Publishers' Fool's Gold OA options are just distractions, designed to delay the optimal and inevitable outcome for as long as possible (and publishers know this full well).
So it all depends on how soon effective Green OA mandates by institutions and publishers get adopted globally: Only the universal availability of Green OA will make journal subscriptions cancellable, thereby forcing publishers to cut all their remaining obsolete Gutenberg-era products and services (like the print edition, the online edition, archiving and access-provision) and their costs, downsize to the sole remaining essential service of PostGutenberg peer-reviewed journal publishers (namely, the management of the peer review, which researchers provide for free, just as they provide their research for free), and convert to Fair-Gold OA fees in order to recover its minimal costs.
Harnad, S. (2010) No-Fault Peer Review Charges: The Price of Selectivity Need Not Be Access Denied or Delayed. D-Lib Magazine 16 (7/8).
You said that even should the overpaid "Fool's Gold" prevail, it would still be Open Access. So (in reference to the two streams of the Open Access Movement) - is it for you accessibility above affordability? Accessibility no matter the costs?

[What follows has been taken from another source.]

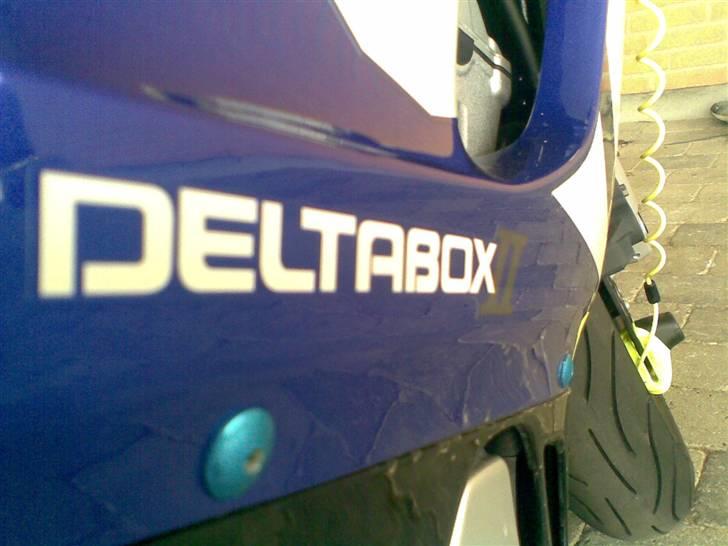 Yamaha YZF R6 Solgt billede 6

If the planet were to opt for universal Fool's Gold instead of mandating Green OA and attaining OA plus Fair Gold that would be fine with me. Fools will always be parted needlessly from their money, and my only real objective all along was universal OA, as soon as possible.

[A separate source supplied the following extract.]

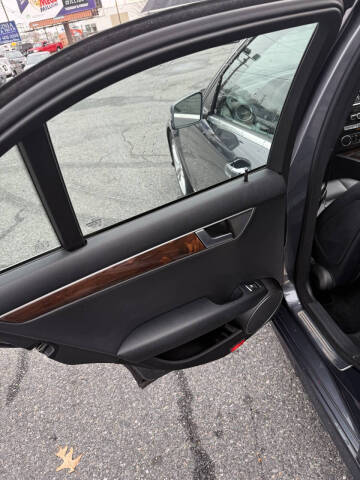 2013 Mercedes-Benz C-Class C 250 Luxury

The reasons I oppose and mock the Fool's Gold Rush, however, are precisely the ones I've described: Fool's Gold is bloated, unscalable, unaffordable and unsustainable -- hence (I infer) unattainable. And the result is that it is diverting attention and energy from the only route to universal OA that I believe will work, and that route is Green OA self-archiving, mandated globally by all research institutions and funders.

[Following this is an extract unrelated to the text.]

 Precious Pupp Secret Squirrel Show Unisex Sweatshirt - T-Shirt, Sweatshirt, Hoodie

There are numerous Open Access policies all around the world introduced by either research organisations, funders or various other stakeholders. ROARMAP currently lists over 700 policies. Back in 2007 you seemed to think all is needed for 100% Green Open Access are open access mandates. Now we have legal Open Access mandates introduced and working in practice - and there are over 500 more of them than back in 2007. What makes you think we still aren’t any closer to our goal after all?
We are closer, but not nearly as close as we could and should be, because there are still far from enough Green OA mandates, and many of them are needlessly weak and ineffectual.
What does an ideal, strong and effectual OA mandate look like? Are there any mandates like that out in the wild?
The essential features of an effective Green OA mandate are the following.
(1) It must require deposit immediately upon acceptance for publication (not after an embargo).
(2) It must require deposit of the author's refereed, accepted final draft (not the publisher's PDF).
(3) It must require deposit in the author's institutional repository (not institution-externally).
(4) Immediate deposit must be made a prerequisite for research performance evaluation.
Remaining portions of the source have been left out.